Sweet Bee Misbehaves

Long time ago the dream of finding a city made of gold beneath an Ecuadorian Amazon rain forest became the realm of literary and cinematic fantasy. Nowadays, the bearded conquistadores have been replaced by oil company workers, farmers and tourists looking for a cheap shortcut to narcotic nirvana. The remaining original inhabitants of these territories try to adapt their lives to the changing conditions of poverty, pollution and colonisation. Television sets and radios meddle in the sonic landscape of wild life and the rich chorus of indigenous languages, while keepers of the ancient tradition and songs rebel wondering why boxes without heads and feet can be preferred to their fiddles, flutes and drums. Musicians like the 60 year old Mishki Chullumbo (kichwa for “Sweet Bee”), who goes also with the official name Carlos Alvarado, as the authorities refused to register his kichwa name back in the 1950's, decided to revive their traditional tunes and put together their first band: Los Yumbos Chawamangos. The chawamango is a bird capable of mimicking many sounds, much like the famous lyre bird, and Yumbo is the rhythm that is played in the ecuadorian amazon.
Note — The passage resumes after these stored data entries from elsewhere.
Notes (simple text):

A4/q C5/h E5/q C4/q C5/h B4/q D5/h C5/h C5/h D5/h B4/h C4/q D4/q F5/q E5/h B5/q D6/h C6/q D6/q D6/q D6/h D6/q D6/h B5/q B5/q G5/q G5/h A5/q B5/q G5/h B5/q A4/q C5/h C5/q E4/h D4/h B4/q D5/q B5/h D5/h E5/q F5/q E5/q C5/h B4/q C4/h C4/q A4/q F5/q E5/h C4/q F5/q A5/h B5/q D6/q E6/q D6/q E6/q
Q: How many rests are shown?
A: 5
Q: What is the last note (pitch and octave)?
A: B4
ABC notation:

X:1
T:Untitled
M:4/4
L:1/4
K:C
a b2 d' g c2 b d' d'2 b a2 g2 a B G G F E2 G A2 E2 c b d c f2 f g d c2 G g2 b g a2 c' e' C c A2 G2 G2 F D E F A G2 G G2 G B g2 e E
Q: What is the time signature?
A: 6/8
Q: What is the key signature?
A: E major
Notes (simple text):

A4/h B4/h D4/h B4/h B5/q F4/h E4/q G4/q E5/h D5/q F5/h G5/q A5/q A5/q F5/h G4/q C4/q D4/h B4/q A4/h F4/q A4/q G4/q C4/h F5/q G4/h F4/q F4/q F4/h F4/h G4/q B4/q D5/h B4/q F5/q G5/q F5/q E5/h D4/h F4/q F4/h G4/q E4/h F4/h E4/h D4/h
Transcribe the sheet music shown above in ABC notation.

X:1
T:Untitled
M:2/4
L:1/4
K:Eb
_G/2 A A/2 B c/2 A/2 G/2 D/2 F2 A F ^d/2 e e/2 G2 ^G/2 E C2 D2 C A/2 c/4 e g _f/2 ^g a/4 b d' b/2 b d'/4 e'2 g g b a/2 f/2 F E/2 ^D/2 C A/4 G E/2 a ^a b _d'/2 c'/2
According to Mishki, the drum patterns recall the beat the shaman hears when he communicates with the spirits.

I had the opportunity to attend a fascinating lecture by Mishki, organized by the Sisterhood of Music and Dance Appreciation Guandul in Quito. The Sweet Bee of kichwa music spoke about his song, poetry and projects. He told us how his instruments were built, how his sacred dresses were sewn and how he would wake up his wife early in the morning playing the pingullo flute:


I do not know if Mishki Chullumbo and the Yumbos Chawamangos released a lot of records but the one that we share here is a very special one. It is not the usual ethnographic work where a scholar/producer deals with the mixing, playlist, arrangements, etc. It is as free and independent as any Saturn or ESP album you could think of. After sixteen years of intense musical activity, Mishki crafted a songbook both raw and delicate, a visionary statement about his struggling culture and himself. As the best songwriters, Mishki reappropiates the stories of his elders, revives their rich mythology (where jungle devils sometimes kidnap children to teach them how to play music). No wonder, he sees his music as a work of magic resuscitation.


At the end of his lecture he wondered how powerful his songwriting magic would be if his people went back to the jungle and learnt again how to hunt, fish and live in the wild. He even thought of proposing the governement to assign a territory where this voluntary isolation could take place... and “then we would leave our radios, jeans, sport shoes and even our instruments at the forest's gates and start again... Wait no, not the instruments!”